Gatorland
A pair of alligators circle around an orange hot dog and chomp at the limp meat. I know they’re not crocodiles because of their wide, U-shaped snouts. The bait sinks to the swamp floor, and the reptiles look up for more, waiting; but that was the last wiener. I wasn’t expecting them to miss. I backtrack to the snack shack. The ribbon of path is raised above the man-made swamp, and the wooden walkway extends across the dark water. The planks creak and the gator pit reeks of decaying moss and Cypress trees. The counter girl has a huge hickey on her neck and a chin full of pimples. When she smiles, I expect one of them to burst. She says, “That’s four dollars,” and hands me a small, waxy dish.
I return to the same spot and now there’s only one alligator. He’s about ten feet long. He floats on the surface, the waterline tickling his nostrils, half-dunked like a submarine. This is Gatorland, a roadside attraction, and I’ve wandered to the tail end of the breeding marsh, past Parrot Playground and the Mold-a-Rama machine. If the raised path were to fall, I’d be swimming with hundreds of alligators. Even though they can go two years without eating, I know I’d be an instant meal. With brains the size of three olives, they wouldn’t stop to think.
Right now, though, it’s just this old bull and me, sweating in the Florida heat.
When staring down a swamp monster, you can’t help but think about its quirks and ancient oddities. Crocodilia are the last survivors of the great age of reptiles. That’s 200 million years ago, starting sometime in the Mesozoic era. Here I am, dangling my arm above an alligator that’s been around longer than any tourist. I can barely reach over the five-foot wall composed of knotty boards and woven steel. It’s the only barrier between the alligator and me. If I scale up the posts, I can reach over and take a closer look. I push against the chicken wire and the metal snaps back and pinches my breast. The pain reminds me of the rumor that an alligator bit off Lorne Greene’s nipple while he hosted his show Last of the Wild.
An alligator will attack if it feels its habitat is being threatened. I’m not worried. These hot dogs are made of chicken and turkey, not pig lips and ass. And I have no interest in destroying its nest. I just want to pet it, even though I know the beast would mangle my arm in an instant, but maybe that’s what’s supposed to be.

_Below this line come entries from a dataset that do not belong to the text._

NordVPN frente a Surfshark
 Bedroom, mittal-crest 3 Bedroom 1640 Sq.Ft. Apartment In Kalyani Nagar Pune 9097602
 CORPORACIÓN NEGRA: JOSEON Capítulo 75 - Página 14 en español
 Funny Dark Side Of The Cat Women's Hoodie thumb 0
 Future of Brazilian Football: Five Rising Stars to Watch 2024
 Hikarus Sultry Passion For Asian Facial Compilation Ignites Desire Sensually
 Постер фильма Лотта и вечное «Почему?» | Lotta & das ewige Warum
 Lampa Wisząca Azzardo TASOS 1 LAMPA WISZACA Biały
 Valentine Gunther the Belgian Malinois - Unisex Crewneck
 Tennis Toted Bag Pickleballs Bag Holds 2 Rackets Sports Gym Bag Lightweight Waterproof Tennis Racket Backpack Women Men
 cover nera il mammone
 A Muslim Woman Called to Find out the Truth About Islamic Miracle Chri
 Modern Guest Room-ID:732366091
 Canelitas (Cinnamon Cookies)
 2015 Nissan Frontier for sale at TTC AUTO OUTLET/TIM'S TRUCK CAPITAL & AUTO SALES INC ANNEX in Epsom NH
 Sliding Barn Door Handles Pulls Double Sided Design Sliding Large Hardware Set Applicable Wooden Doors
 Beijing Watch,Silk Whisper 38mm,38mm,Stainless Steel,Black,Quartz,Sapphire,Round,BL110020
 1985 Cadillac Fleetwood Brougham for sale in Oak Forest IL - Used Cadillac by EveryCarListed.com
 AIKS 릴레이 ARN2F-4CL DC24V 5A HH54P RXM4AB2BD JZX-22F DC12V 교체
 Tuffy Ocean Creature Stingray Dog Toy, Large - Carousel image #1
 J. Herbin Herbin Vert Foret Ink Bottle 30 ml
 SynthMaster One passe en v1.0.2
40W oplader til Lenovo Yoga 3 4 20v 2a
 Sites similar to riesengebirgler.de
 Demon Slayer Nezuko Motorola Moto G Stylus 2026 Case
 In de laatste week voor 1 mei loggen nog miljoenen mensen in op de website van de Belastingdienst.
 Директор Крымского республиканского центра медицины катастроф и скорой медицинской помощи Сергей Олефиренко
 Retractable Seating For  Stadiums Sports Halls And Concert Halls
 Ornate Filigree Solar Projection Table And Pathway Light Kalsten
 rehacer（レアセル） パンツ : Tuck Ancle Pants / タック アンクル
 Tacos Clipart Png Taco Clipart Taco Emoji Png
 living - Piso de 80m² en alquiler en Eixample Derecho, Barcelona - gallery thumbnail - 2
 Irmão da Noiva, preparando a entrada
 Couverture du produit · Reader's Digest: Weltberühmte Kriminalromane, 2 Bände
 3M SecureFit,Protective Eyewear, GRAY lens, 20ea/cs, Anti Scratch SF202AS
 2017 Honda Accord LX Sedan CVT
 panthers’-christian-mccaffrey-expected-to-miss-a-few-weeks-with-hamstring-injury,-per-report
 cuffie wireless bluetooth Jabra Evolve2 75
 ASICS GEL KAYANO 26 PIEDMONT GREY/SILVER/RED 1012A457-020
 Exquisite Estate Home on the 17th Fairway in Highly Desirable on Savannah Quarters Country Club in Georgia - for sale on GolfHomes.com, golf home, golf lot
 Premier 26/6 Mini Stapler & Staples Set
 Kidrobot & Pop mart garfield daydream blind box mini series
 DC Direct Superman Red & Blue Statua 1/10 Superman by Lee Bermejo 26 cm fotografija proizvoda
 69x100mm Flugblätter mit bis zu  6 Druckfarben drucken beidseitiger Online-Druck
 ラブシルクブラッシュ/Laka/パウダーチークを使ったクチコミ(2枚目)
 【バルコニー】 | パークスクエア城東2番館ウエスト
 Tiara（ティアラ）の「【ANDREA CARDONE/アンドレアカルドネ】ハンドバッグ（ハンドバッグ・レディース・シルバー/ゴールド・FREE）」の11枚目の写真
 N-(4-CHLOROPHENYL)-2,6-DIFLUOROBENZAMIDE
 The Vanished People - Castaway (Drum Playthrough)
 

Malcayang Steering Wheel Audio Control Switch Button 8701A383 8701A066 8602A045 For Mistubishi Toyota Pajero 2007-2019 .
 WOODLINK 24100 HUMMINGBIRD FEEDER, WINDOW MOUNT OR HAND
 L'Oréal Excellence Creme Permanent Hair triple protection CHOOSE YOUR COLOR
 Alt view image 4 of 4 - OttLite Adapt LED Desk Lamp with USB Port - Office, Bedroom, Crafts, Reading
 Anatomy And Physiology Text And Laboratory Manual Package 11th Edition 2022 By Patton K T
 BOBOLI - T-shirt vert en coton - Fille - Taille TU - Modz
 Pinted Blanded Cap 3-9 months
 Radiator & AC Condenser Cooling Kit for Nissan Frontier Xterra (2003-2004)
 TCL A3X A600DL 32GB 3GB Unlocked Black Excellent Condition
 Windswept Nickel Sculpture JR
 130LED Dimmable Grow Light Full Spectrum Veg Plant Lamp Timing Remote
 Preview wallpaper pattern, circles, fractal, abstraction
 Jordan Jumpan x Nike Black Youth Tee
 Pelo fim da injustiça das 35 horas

Last night I had a dream that I was sitting in a cavern with Junot Díaz. We were in white t-shirts, sitting on boulders around a cavemannish slab. My right sleeve was flat against my side because my arm was missing. Junot slammed his fist down on the crude rock table.
“You gotta look for it,” he said, shaking his head and sipping muddy water from a cobbled cup. “It’s right there,” he said and walked over to a fourteen-foot alligator lying, belly up, on a stone altar. He stood in front of the beast and pointed.
“There, man.”
“What?”
“There it is.”
He picked up a sharp knife and stabbed into the pretty yellow scales. The handle stood straight up like a candle on a cake.
“You gotta do it,” he said and motioned for me to come over. “Cut it.”
I dragged the knife through the pale belly, cutting through thick, slimy hide. Together, we spread open the pulpy flesh. Along with a few tin cans and a plastic bag from a loaf of Wonder Bread, there was my arm. Its fingers moved, squirming out of the sinewy mess, and reached for me.
“It’s your arm,” Junot said. He pushed it into my shoulder, twisting it around like a Barbie doll’s limb. “You just needed to find it.”
I touch my shoulders. I want to make sure that I’m not experiencing a lack of phantom pain and that my arms are still intact, ready to write stories about boys like Butch Davey who lost his dog, Brownie, to a hungry alligator; or worse yet, about men like Harrel Franklin Braddy who dropped a helpless five-year-old girl into the Florida Everglades. I look below and dump all of the hot dogs, rippling the water. Heavy jaws snap down and devour the dainty treats in one hulking swallow.